CS 194-26: Image Manipulation and Computational Photography, Fall 2017

Project 5: Lightfield Camera

Justin Mi, CS194-26-afy



Overview

This project introduces us to the lightfield camera, which not only captures the intensity of the light in a scene like a regular camera, but also captures the direction that light rays are traveling in. In this project, we are going to use the light field data provided by Stanford's Light Field archive to achieve two effects: one, to be able to generate images that focus on the same scene at different depths; two, to be able to do the previous part while adjusting the aperture size of the viewer.




Depth Refocusing

In part 1, we use a set of 289 images of an object taken in a 17 by 17 grid to create an effect of focusing on different parts of the object. Since each image is taken from a slightly different angle/location, when the images are averaged together (see the c=0.0 image) the focal point of each image is clear while the areas in front and beyond it are blurry. However, by algorithmically shifting the images to match different focal points, we are able to shift the focused area of the object. We roll each image by c*(v - y), c*(u - x), where y and x belong to the center image, v and u belong to the image being shifted, and c is a weight that controls the strength of the shift.

c = -0.1
c = 0.0
c = 0.5
Effects of changing c from -0.5 to 0.5



Aperture Refocusing

In part 2, we will simulate having an aperture on a single common point using the lightfield camera.
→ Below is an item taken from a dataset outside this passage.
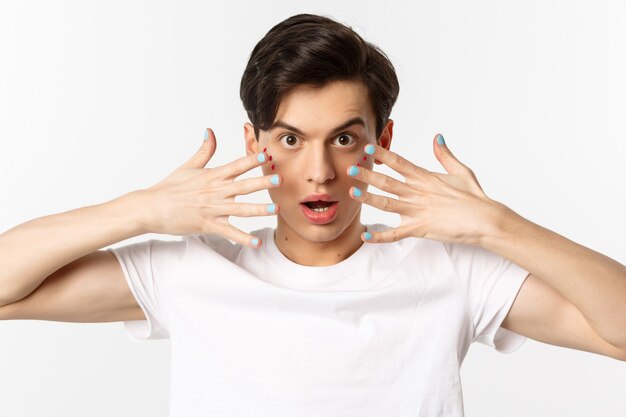 Persone, lgbtq e concetto di bellezza. Primo piano di un bellissimo uomo gay con glitter sul viso, che mostra lo smalto sulle unghie, guardando impertinente alla telecamera, in piedi su sfondo bianco.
Given the 17x17 grid, averaging the images in a large grid mimics having a larger aperture because there are more light rays to process coming from all the images. However, averaging the images in a smaller grid mimics having a smaller aperture because there is less light rays to account for, since there are less data from less images. To implement this, we set the image at (8, 8) be the center image of the grid, and select which images to average by accounting for a radius of images around the center. This radius is square, so for example a radius 1 aperture will include images (7, 7), (7, 8), (7, 9), (8, 7), (8, 8), (8, 9), (9, 7), (9, 8), (9, 9).

radius = 0
radius = 3
radius = 6
Effects of changing radius from 0 to 6



Summary

I learned a lot about how lightfields work from this project. It really blew my mind that there was an image capturing technique that relied on the fact that by capturing more data than just a single frame image, you can post-process the images using all this extra data to generate new or enhanced perspectives of a single scene. This idea is even being implemented in smartphone cameras today. Recently, the Pixel 3 phone by Google released, and it has a feature where it takes the extra data generated by the natural "jitter" of your hands while taking a photo to add extra resolution to the image. It's acting like a mini-lightfield by capturing minute differences in frames generated by the natural shaking of the phone. That's pretty dope.